This by Harry Wells, on the importance of arts funding.
Funding, by research council:
£102mil AHRC
£470mil BBSRC
£740mil EPSRC
£350mil MRC
£400mil NERC
£211mil ESRC
£491mil STFC
Even before the impact of any proposed cuts, you’d get no prizes for guessing that the Arts & Humanities Research Council is by far the worst-funded of Britain’s seven research councils; of the approximate 15% of their total budget the AHRC is entitled to, it currently takes £102mil a year, an actual figure of 4%. Unsurprisingly, the next lowest-funded is the Economic & Social Research Council, at £211mil, or approximately 8% of the total budget. And yet, Lord Salisbury’s report in 2004 stated that ‘[the arts] lead the way in promoting understanding of the nation’s history and other cultures, religions and societies, helping to sustain both national identity and multicultural tolerance’, and encouraged the idea that it be treated on an equal footing with sciences in terms of funding, and Beethoven himself once said ‘No one should drive a hard bargain with an artist.’ On top of the recent cuts to library funding, the question has to be asked; why, exactly, are the arts such a target? And do they deserve to be prioritised below scientific fields?
One reason could perhaps be the public perception of the arts that Lord Salisbury’s report challenged; the cliché image of the unemployed painter, or the alcoholic author, living in a dingy studio apartment in Paris and rolling slowly toward an opiate-filled grave combined with the concurrent low graduate employment figures for most arts subjects (perhaps excluding foreign languages) when compared with fields such as medicine and engineering have led to an idea of the arts as the predecessors to ‘soft subjects’; not exactly easy or wasteful, but not contributing to society in the same way that developing new astrophysical theories into the creation of the world does. These ideas, however, could be argued to be a contemporary phenomenom, surely; in the same way that during the Renaissance, the work of artists and poets took to the fore as the most effective way of developing culture and understanding, in our modern information age, the same is true for computer science and molecular genetics. The fact of the matter is that societal progress, at the moment, does depend on science, just as it depended on art in the 18th Century. This isn’t, however, a reason to forget the importance of art, as the Conservative-led government would quite happily do; their penchant for slashing and burning whatever isn’t useful at the exact moment is phenomenal. At some point in the future, when science has taken us to the edge of understanding in fields like medicine and the creation of the universe, what will be left to expand upon but the arts?

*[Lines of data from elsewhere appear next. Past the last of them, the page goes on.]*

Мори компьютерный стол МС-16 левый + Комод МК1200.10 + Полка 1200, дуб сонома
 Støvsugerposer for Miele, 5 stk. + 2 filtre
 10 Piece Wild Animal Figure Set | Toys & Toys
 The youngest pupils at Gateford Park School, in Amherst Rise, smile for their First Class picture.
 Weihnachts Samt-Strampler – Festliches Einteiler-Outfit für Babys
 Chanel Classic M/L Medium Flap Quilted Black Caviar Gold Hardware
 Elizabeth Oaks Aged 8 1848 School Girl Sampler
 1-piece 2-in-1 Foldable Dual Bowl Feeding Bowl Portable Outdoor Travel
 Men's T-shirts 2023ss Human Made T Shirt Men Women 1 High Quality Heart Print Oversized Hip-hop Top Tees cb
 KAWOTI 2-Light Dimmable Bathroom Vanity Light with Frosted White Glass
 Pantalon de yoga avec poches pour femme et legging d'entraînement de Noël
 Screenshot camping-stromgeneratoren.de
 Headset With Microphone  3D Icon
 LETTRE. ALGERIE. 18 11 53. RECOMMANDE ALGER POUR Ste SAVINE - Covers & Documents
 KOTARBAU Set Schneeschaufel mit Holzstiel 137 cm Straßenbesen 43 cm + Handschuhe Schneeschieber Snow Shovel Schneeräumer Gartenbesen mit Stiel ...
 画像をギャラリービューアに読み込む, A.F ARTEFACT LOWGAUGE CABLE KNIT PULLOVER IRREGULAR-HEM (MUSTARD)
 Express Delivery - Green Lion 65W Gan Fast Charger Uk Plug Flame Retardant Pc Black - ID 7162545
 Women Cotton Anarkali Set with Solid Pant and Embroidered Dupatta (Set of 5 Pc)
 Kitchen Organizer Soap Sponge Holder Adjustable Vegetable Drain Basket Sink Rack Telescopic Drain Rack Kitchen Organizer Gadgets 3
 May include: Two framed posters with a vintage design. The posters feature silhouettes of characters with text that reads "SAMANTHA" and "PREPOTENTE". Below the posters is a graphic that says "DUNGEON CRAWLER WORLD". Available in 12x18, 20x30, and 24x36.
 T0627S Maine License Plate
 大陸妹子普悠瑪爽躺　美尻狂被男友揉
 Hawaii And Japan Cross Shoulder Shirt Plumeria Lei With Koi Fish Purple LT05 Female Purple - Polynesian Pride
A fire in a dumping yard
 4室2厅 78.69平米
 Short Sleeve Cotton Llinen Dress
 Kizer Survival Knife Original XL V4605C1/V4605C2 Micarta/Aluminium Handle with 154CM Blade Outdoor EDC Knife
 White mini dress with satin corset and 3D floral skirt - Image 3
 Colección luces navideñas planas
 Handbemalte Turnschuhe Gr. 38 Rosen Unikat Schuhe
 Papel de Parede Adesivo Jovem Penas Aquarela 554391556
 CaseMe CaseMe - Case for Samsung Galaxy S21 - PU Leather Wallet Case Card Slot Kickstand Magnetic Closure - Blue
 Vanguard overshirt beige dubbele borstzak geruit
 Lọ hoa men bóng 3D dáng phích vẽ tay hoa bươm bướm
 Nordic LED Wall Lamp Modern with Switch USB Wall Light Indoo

The other, perhaps more contextual factor in this case, is that the arts are the most effective way to resist a government; and are all the more likely to do so in one that’s cutting them. The world’s most famous writers, musicians and painters have been all-too explicitly anti-establishment; Oscar Wilde, Elvis Presley, Banksy. Across ages and cultures, the arts are a medium to express passive, peaceful resistance, understood as early as the time of Plato; why else would the poets in The Republic have been the first to be cast out? The arts were the first target for budget cuts in Thatcher’s Cabinet, and countries such as the People’s Republic of China and Burma, noted for being repressive fairly universally, are particularly draconian in their treatment of the internet and literature. This argument really needs no rebuttal; if it is the case that part of the coalition’s intention behind library and research funding cuts is to silence potential opposition, it cannot be allowed to work.
Whilst nothing further than the reduction in library budgets has been announced, any cut in the arts would be insurmountably dangerous; and with more disapproval coming from the camp of children’s authors than Her Majesty’s ‘Opposition’, grassroots forces need to move in the same way they did against the NHS Bill. ‘Art is science made clear’; it would be hard to turn a blind eye to it.